The full set of entries is to be printed exactly, with pictures excluded.

※ ※ ※

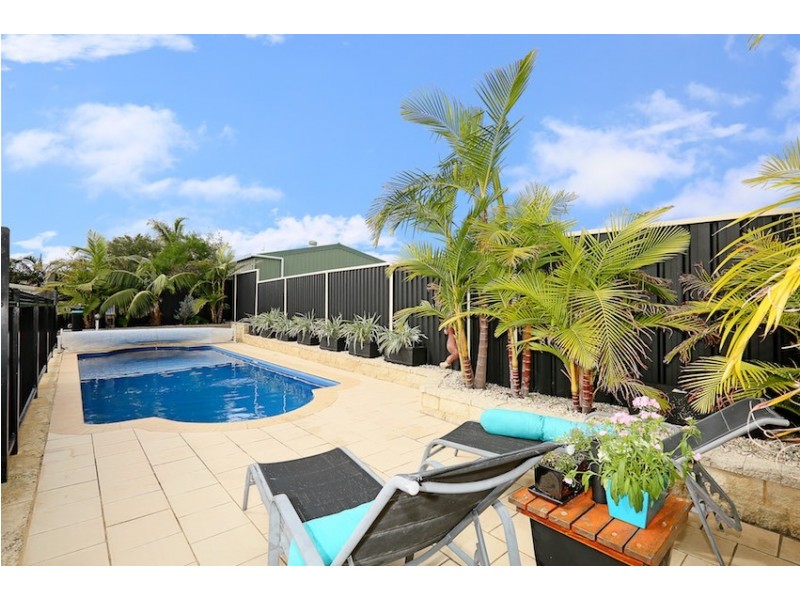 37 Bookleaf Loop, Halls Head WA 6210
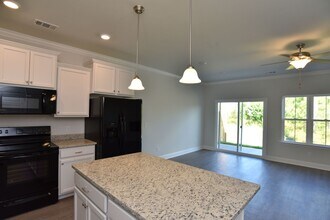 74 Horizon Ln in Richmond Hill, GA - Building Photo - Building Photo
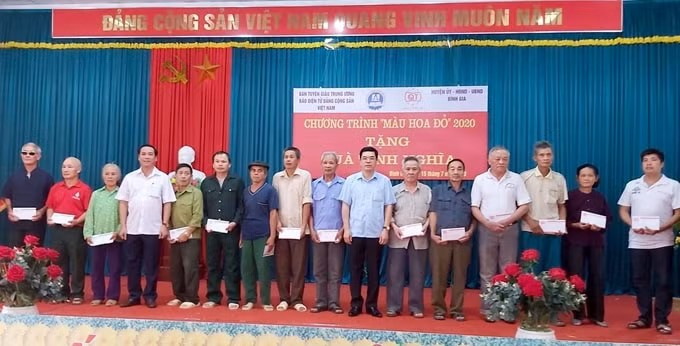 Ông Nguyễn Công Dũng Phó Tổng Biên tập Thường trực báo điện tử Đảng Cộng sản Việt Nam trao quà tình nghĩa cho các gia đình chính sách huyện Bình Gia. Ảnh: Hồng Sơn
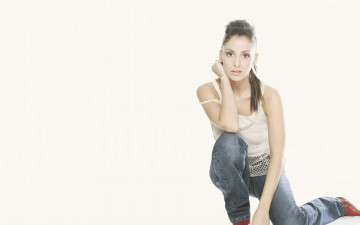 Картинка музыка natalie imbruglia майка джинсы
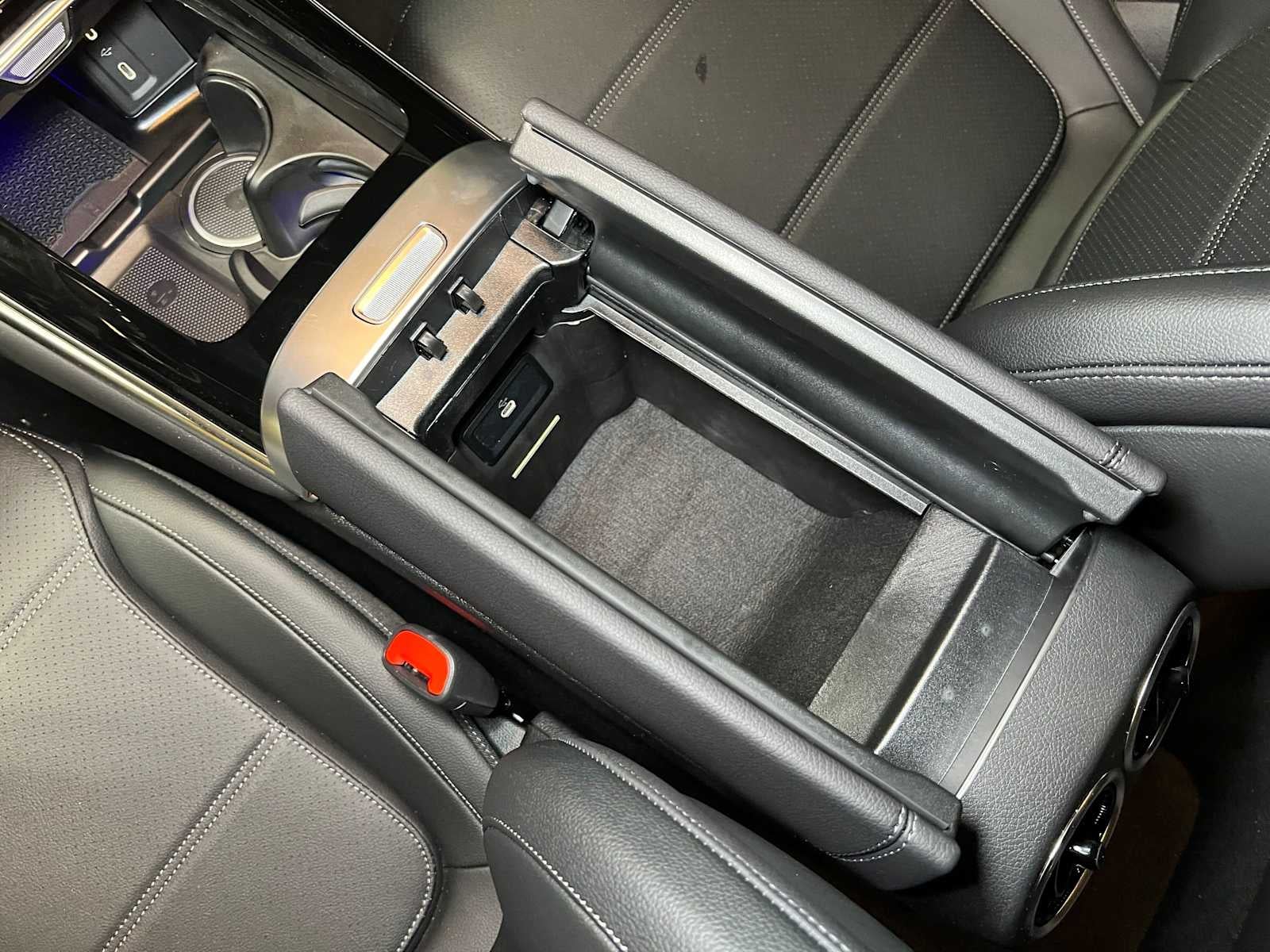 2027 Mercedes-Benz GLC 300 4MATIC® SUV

※ ※ ※

• Solved exercise:
 37 Bookleaf Loop, Halls Head WA 6210
 74 Horizon Ln in Richmond Hill, GA - Building Photo - Building Photo
 Ông Nguyễn Công Dũng Phó Tổng Biên tập Thường trực báo điện tử Đảng Cộng sản Việt Nam trao quà tình nghĩa cho các gia đình chính sách huyện Bình Gia. Ảnh: Hồng Sơn
 Картинка музыка natalie imbruglia майка джинсы
 2027 Mercedes-Benz GLC 300 4MATIC® SUV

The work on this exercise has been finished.